INSTRUCTIONS FOR THE TASK: The answer is the set of lines that include "River", copied from the data below.

THE DATA:

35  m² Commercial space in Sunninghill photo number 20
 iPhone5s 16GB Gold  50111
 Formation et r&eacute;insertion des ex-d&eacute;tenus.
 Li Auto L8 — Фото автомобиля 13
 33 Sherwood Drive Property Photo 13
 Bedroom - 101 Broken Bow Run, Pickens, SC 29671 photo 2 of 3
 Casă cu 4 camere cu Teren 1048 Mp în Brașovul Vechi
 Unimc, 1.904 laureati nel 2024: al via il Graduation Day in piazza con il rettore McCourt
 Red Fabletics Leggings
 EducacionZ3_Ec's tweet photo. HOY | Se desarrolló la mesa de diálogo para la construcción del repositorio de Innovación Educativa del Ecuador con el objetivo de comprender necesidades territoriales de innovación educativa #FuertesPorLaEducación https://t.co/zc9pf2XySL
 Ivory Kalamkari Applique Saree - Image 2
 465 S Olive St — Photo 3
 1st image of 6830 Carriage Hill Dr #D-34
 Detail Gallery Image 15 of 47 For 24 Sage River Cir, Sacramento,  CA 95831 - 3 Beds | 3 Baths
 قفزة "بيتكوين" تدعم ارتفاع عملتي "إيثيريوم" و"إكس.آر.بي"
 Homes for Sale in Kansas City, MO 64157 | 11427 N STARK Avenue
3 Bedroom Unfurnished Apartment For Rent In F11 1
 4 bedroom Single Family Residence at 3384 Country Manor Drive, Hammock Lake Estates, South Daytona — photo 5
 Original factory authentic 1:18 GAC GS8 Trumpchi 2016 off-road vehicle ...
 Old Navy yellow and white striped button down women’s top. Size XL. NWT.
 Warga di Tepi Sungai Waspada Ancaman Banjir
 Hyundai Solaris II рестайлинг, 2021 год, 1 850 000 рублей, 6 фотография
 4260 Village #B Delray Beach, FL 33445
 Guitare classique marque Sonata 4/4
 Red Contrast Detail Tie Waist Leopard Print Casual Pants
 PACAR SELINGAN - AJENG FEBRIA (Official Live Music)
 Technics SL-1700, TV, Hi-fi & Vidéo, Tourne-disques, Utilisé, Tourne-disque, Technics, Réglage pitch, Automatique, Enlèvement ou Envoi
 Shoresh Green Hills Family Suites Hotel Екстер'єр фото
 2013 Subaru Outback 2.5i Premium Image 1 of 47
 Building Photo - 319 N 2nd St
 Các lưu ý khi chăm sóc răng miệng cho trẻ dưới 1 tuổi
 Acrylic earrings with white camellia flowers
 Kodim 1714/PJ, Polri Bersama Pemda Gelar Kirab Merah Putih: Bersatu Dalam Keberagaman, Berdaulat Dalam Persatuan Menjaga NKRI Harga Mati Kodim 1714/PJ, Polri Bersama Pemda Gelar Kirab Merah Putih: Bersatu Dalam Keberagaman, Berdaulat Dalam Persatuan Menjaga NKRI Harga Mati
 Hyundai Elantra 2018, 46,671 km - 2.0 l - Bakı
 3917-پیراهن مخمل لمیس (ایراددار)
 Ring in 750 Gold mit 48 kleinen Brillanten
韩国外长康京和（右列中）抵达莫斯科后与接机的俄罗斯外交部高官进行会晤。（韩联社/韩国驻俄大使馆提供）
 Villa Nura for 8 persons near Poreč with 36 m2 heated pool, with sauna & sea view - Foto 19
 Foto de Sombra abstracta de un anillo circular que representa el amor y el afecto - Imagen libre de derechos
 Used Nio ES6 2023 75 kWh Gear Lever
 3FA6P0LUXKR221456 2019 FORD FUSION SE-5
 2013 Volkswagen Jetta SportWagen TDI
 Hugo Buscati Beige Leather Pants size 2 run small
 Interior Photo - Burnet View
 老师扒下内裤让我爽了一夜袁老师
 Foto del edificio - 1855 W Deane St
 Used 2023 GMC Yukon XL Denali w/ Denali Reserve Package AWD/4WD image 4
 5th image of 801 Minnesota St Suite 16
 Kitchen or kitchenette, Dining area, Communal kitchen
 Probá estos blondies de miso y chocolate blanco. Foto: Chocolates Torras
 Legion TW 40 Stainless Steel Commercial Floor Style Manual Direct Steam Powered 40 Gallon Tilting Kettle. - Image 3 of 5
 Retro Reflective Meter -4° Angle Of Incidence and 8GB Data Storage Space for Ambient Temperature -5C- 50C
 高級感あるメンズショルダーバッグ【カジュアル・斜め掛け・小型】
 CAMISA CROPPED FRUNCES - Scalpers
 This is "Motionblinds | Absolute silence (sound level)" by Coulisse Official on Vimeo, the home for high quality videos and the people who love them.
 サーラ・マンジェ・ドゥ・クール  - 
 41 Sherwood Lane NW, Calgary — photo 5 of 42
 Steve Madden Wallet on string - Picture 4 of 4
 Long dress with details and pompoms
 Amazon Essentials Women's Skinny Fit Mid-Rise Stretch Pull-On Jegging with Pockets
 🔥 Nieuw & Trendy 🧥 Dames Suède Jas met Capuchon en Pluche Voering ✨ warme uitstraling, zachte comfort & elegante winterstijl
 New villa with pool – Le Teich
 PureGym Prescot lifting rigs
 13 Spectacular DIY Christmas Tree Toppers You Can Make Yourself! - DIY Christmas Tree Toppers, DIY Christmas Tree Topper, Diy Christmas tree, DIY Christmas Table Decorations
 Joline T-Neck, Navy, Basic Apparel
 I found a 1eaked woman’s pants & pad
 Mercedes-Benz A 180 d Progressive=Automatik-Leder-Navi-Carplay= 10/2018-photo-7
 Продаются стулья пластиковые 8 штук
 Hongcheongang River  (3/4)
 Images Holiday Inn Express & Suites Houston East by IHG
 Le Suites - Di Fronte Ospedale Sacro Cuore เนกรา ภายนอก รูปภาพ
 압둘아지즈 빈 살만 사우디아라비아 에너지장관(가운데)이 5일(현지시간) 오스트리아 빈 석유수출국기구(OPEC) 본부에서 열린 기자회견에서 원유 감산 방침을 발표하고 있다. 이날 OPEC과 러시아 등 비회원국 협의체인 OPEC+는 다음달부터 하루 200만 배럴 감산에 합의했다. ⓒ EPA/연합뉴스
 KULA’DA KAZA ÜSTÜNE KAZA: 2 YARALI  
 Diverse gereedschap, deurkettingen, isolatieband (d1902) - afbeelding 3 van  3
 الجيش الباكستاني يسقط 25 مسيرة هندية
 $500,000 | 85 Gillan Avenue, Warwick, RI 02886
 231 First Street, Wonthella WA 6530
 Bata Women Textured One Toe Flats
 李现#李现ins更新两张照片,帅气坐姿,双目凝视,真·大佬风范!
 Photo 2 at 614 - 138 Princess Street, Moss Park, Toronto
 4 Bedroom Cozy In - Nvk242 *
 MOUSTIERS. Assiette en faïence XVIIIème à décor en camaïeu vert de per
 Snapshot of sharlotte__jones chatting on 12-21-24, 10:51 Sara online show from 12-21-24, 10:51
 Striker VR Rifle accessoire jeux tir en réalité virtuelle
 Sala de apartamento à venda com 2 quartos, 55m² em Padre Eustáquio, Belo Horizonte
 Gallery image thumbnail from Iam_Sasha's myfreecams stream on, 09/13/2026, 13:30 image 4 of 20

TASK RESPONSE:
 Detail Gallery Image 15 of 47 For 24 Sage River Cir, Sacramento,  CA 95831 - 3 Beds | 3 Baths
 Hongcheongang River  (3/4)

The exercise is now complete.